9 thoughts on “Various & Sundry 5/26/08

  1. It seems to me that one aspect of how the Clinton and McCain campaigns are being run is an extreme lack of awareness of what era they are running in, ie they have no idea what the Internet is, how to use it to their benefit, or what it does to them when they say stupid things (over and over again). It’s like they think that they can say any ole stupid thing, and if caught, can simply say something even more stupid and people will just forget about it all, not realizing that it’s going up on YouTube a few minutes after they say it, and will be endlessly linked-to for months and years afterwards. Meanwhile, Obama’s campaign is using the Internet to raise more money from the little guy than ever before. McCain’s not the only ‘old’ candidate this time around…
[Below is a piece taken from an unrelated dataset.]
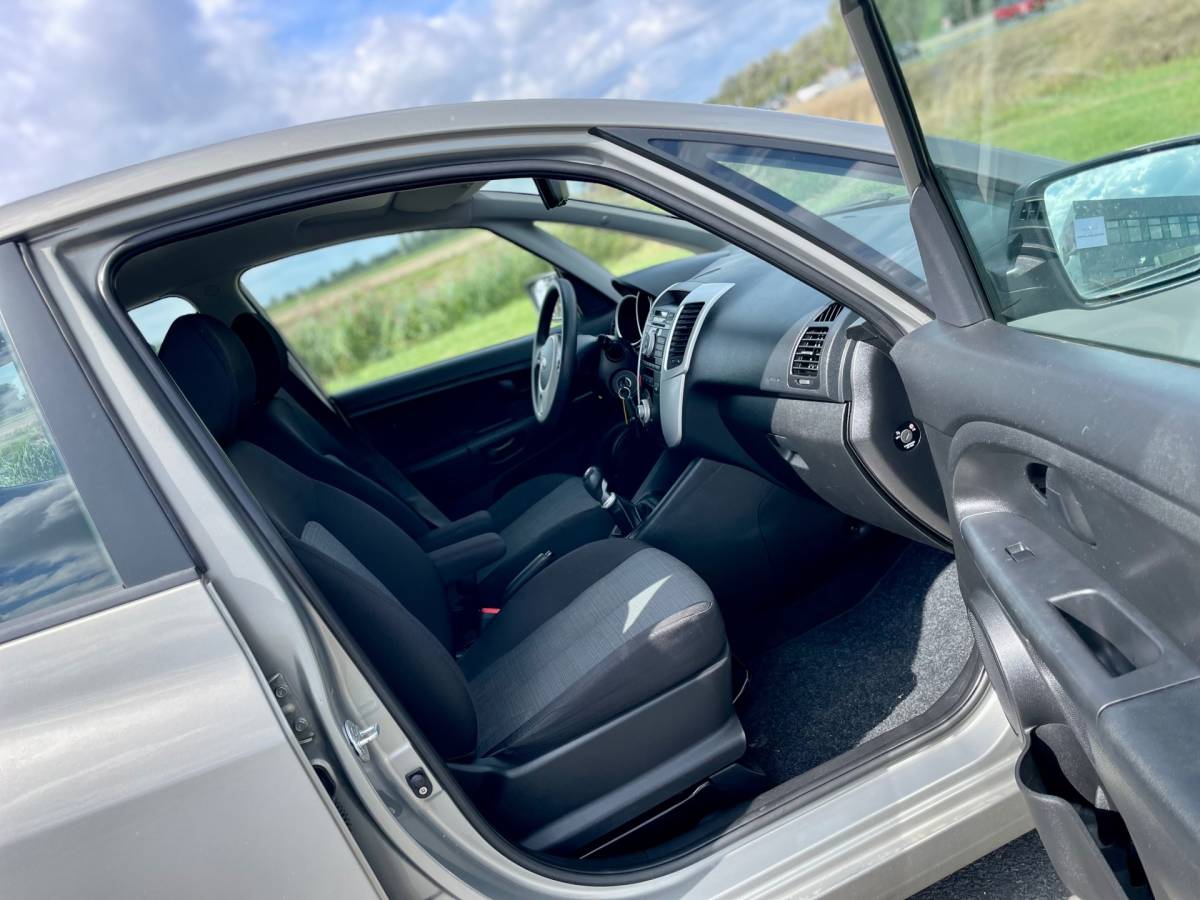 Kia Venga Kia Venga 1.4 CVVT, 5drs, Trekhaak, Camera, Airco, Radio-CD/MP3 speler, Elektr ramen, Lmv, Unieke kilometerstand!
  2. Thanks for the link lurv, mate. I’ve been pretty excited watching the Phoenix mission… I was listening to the NASA announcer giving the altitude, and it was still dropping damn fast at a few hundred meters. That was heart-stopping. But now the images being returned are incredible.

  3. Yep. That little outburst of Liz Trotta’s was so mind-bendingly disgusting, my jaw just hit the floor when I first heard it. Then again, I suppose I shouldn’t have been surprised to see someone on Fox suggesting the assassination of a Democratic presidential candidate.

    Still… That crossed a line in my book, and she should be fired.

  4. There’s a lengthy tirade in the Arts section of the Chicago Tribune this past Sunday about how the media keep using images of death about Hillary, that it’s time for the DNC leadership to “take the family dog for that final trip to the vet,” etc. The author of the piece gets pretty impassioned about how that obviously means that the country is still so pervasively misogynist that a woman seeking high office is automatically identified with gorgons and Grendel’s mother and other female monsters with whom there can be no negotiation, but whose terrifying threat can only be stopped by the death of the monster.

    Umm. Okay. I wonder what that author would make of this remark, then.

  5. You know what’s funny about the marriage advice? I just saw an article in a magazine (some random thing I was flipping through at the gym) about marriage myths, and one of the big ones they targeted was “never go to bed angry with each other.” The reason they gave was that staying up late and losing sleep in order to “finish” an argument is not necessarily a good idea. We just celebrated our 14th anniversary, and I have to agree. After many years of pursuing stupid arguments late into the night, counting coup, scoring points in the heat of anger, etc., I am very much in favor of a “cooling off” period, and in NOT trying to resolve everythinig before you go to bed. If it matters, it will still be there in the morning, and it’s amazing how often by the light of day we can’t remember what we were fighting about the night before. Also, we are both people with hot tempers, and we both sometimes need some time to cool down before talking out a conflict. For people with mellower natures, or serious conflict avoiders, it might be a good idea to keep at a discussion even if it means missing bedtime.

  6. I hope to achieve that same level of marital longevity, although I’m only 17% of the way there so far. When asked I how I did it, instead of giving the standard (and correct) ‘don’t go to bed angry’ answer, I’ll say “Dude, just look at her. She’s totally hot, and (just between you and me) an absolute wildcat between the sheets.”